Ordinal logistic regression can be used to model a ordered factor response.
The polr()
function from the MASS
package can be used to build the proportional odds logistic regression and predict the class of multi-class ordered variables. One such use case is described below.
Example: Predict Cars Evaluation
Below is a example on how we can use ordered logistic regression to predict the cars evaluation based on cars evaluation dataset. The cars are evaluated as one amongst very good
, good
, acceptable
or unacceptable
. The attributes of the cars available to use to predict this decision are:
- buying : v-high, high, med, low
- maint : v-high, high, med, low
- doors : 2, 3, 4, 5-more
- persons : 2, 4, more
- lug_boot : small, med, big
- safety : low, med, high
Also, it is worthwhile to note that about 70% of the cars are evaluated as unacceptable. The class distribution of the ordered multi class Y is as follows:
class | N | N[%] |
---|---|---|
unacc | 1210 | (70.023 %) |
acc | 384 | (22.222 %) |
good | 69 | (3.993 %) |
v-good | 65 | (3.762 %) |
Lets being the modeling process by first importing the data and assigning the correct orders to the factor variables.
Import the data
carsdata <- read.csv("http://archive.ics.uci.edu/ml/machine-learning-databases/car/car.data", header=F, stringsAsFactors=F) # import string variables as characters.

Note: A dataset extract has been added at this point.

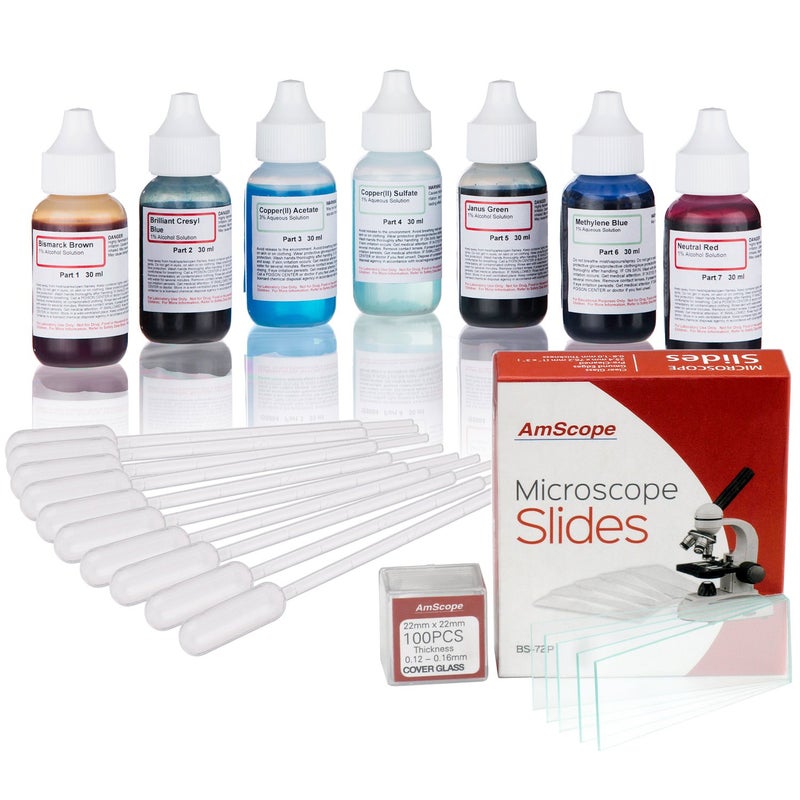 AmScope - Microscope Vital Stain Kit for Living Cells - 6 Microscope Slide Stains + 72 Blank Slides + 100 Coverslips +10 Pipettes for Specimen Transfer - SK6-72P100S22-PP10 - Image 5
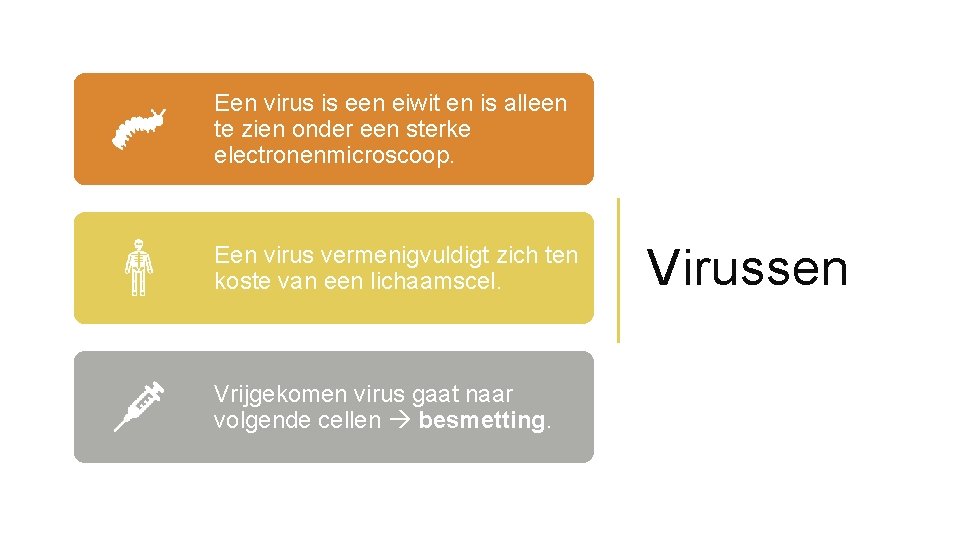 Een virus is een eiwit en is alleen te zien onder een sterke electronenmicroscoop.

colnames(carsdata) <- c("buying", "maint", "doors", "persons", "lug_boot", "safety", "class")
Reorder the levels of factors
In order logistic regression, the order of the levels in the factor variables matters. So, lets define them explicitly. This is an critical step, otherwise, predictions could go worng easily.
# Reorder
carsdata$buying <- factor(carsdata$buying, levels=c("low", "med", "high", "vhigh"), ordered=TRUE)
carsdata$maint <- factor(carsdata$maint, levels=c("low", "med", "high", "vhigh"), ordered=TRUE)
carsdata$doors <- factor(carsdata$doors, levels=c("2", "3", "4", "5more"), ordered=TRUE)
carsdata$persons <- factor(carsdata$persons, levels=c("2", "4", "more"), ordered=TRUE)
carsdata$lug_boot <- factor(carsdata$lug_boot, levels=c("small", "med", "big"), ordered=TRUE)
carsdata$safety <- factor(carsdata$safety, levels=c("low", "med", "high"), ordered=TRUE)
carsdata$class <- factor(carsdata$class, levels=c("unacc", "acc", "good", "vgood"), ordered=TRUE)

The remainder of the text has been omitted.